また、List(“scala”).lとすると、改行せずに一覧を出力します。
検索結果はすべてSeq[Document]型ですので、mapやfilterなどが利用できます。
検索結果が1件になると、そのクラスやオブジェクトの詳細が表示されます。
この状態では、さらに以下のコマンドを指定することができます。
コマンド | 引数 | 説明 |
---|---|---|
o | なし | 対応するscaladocをブラウザで表示します。 |
e | なし | スーパークラスを返します。 |
et | なし | スーパークラスの一覧を返します。 |
et | Int/String/Symbol | スーパークラスの一覧を検索します。 |
s | なし | サブクラスの一覧を返します。 |
s | Int/String/Symbol | サブクラスの一覧を検索します。 |
t | なし | traitの一覧を返します。 |
t | Int/String/Symbol | traitの一覧を検索します。 |
m | なし | メソッドの一覧を返します。 |
m | Int/String/Symbol | メソッドの一覧を検索します。 |
v | なし | valueの一覧を返します。 |
v | Int/String/Symbol | valueの一覧を検索します。 |
Value, メソッドに対してはさらに以下のコマンドを利用できます。
コマンド | 引数 | 説明 |
---|---|---|
r | なし | 戻り値またはvalueの型を返します。 |
p | なし | メソッドのみ。引数の型の一覧を返します。 |
p | Int/String/Symbol | メソッドのみ。引数の型の一覧を検索します。 |
他のscaladocを検索できるようにするには、以下のようにaddFilesメソッドでscaladocのあるディレクトリを指定します。

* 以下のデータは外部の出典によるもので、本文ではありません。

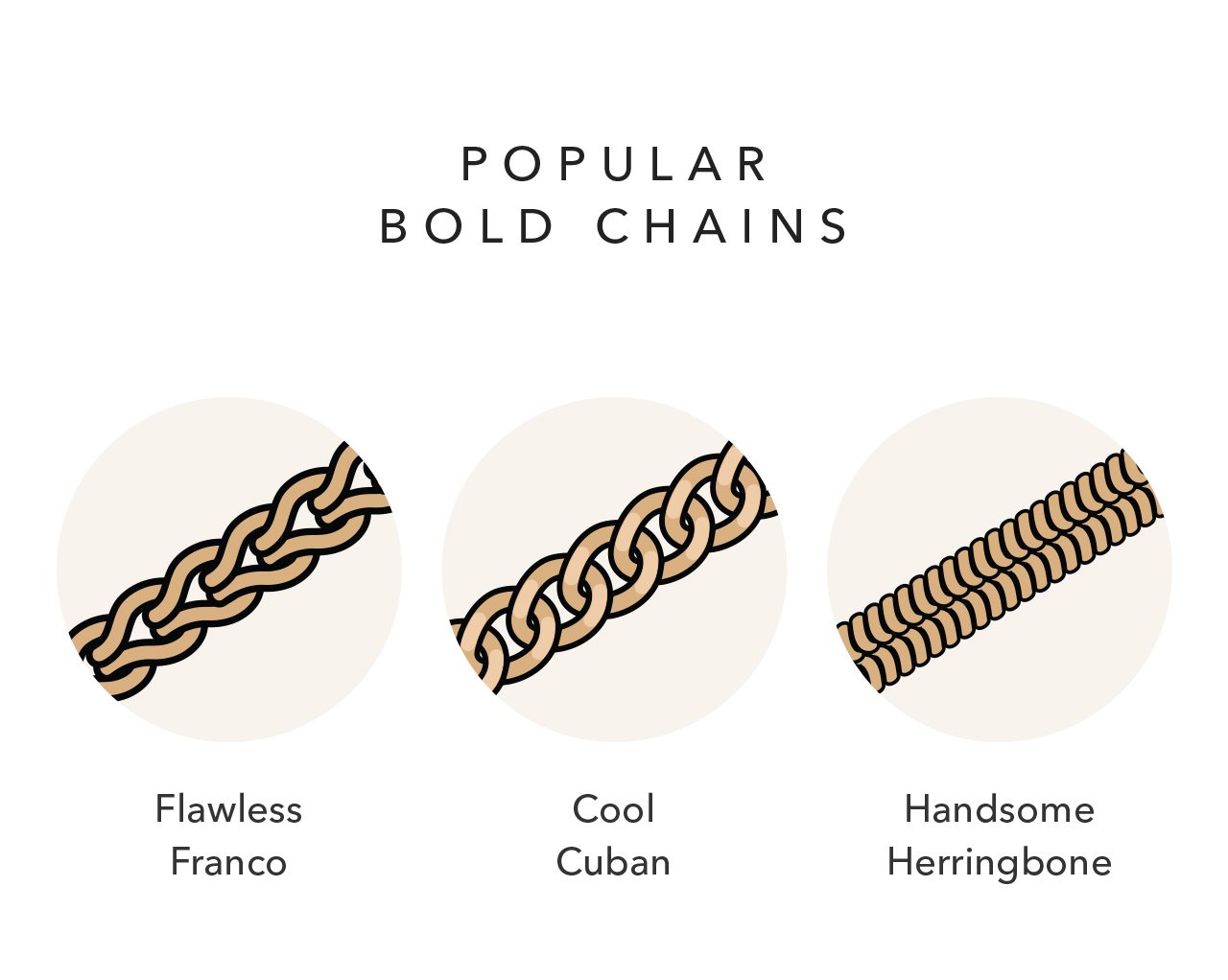 Types of Men's Chains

scala> addFiles( "/your_scaladoc_path/", "/your_scaladoc_path2"...)
addUrlsでは、URLを追加することでhttpでドキュメントを取得出来ます。
scala> addUrls("http://somedoc.url", ...)

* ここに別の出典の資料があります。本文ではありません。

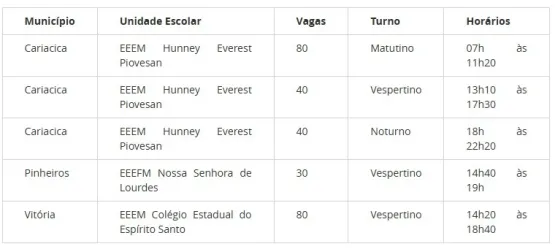 Sedu abre inscrições para curso técnico em Ciência de Dados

注意しなければならないのは、追加するHTMLファイルはXHTMLとして解釈できるものでなければならないと言うことです。
タグの閉じ忘れなどがあると、エラーが発生します。
interactivehelpをビルドするためには、java6とmaven2が必要です。
また、ソースコードを取得するためにgitが利用できることが望ましいです
ソースコードからinteractivehelpをビルドするには、単純に以下のようなmavenコマンドを入力するだけです。
$ mvn package
ビルドが終わると、targetディレクトリにjarファイルが生成されているハズです。